Fabio Trabocchi talks about moving back to the Washington DC area

Photo: Steven Richter

        Battered and bruised but unbowed, Chef Fabio Trabocchi is thinking about moving back to the Washington DC area where he won his star chef laurels at Maestro in Tysons Corner. “I’ve had a rocky time in New York,” he noted.  Trabocchio, who walked away last Tuesday after just three months at the Four Seasons citing “philosophical differences,” refused to amplify that inscrutable explanation. “Philosophical differences,” he repeated, five or six times.

       “I need to do something sooner rather than later,” he says. “I still think of New York as a great place for chefs.  But it’s been tough for me.  It’s been tough on a lot of chefs. Gray Kunz had to leave. It took a long time for Paul Liebrandt to find his place.”

       After scoring three stars as chef-partner at Steve Hanson’s Fiamma, Traobocchi’s  triumphant glow faded when Hanson closed the door in the early fallout of the Wall Street crisis.

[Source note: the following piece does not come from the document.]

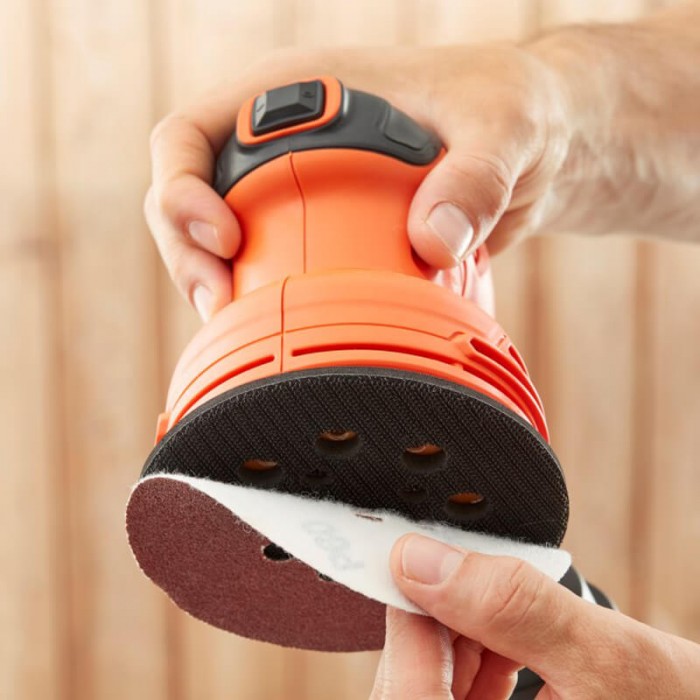 Шліфмашина ексцентрикова мережева BLACK+DECKER BEW210 (BEW210)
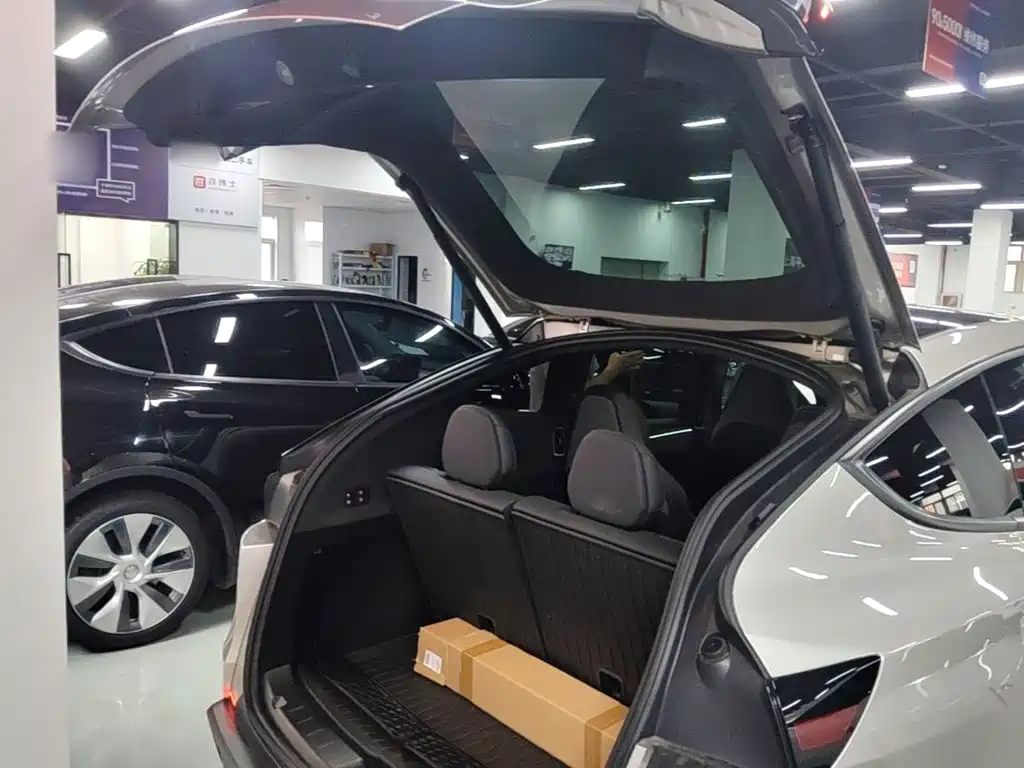 Tesla Model Y L 2025 2025 Facelift Long Range AWD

       After Fiamma shuttered, he spent months attempting to open a casual, affordable place of his own. The call to take over the Four Seasons kitchen was irresistible. The landmark spot seemed like the perfect showcase for his couturier cooking. “Alex and Julian are both very fine gentlemen,” Trabocchi said at the time.  Everyone involved is uncharacteristically silent.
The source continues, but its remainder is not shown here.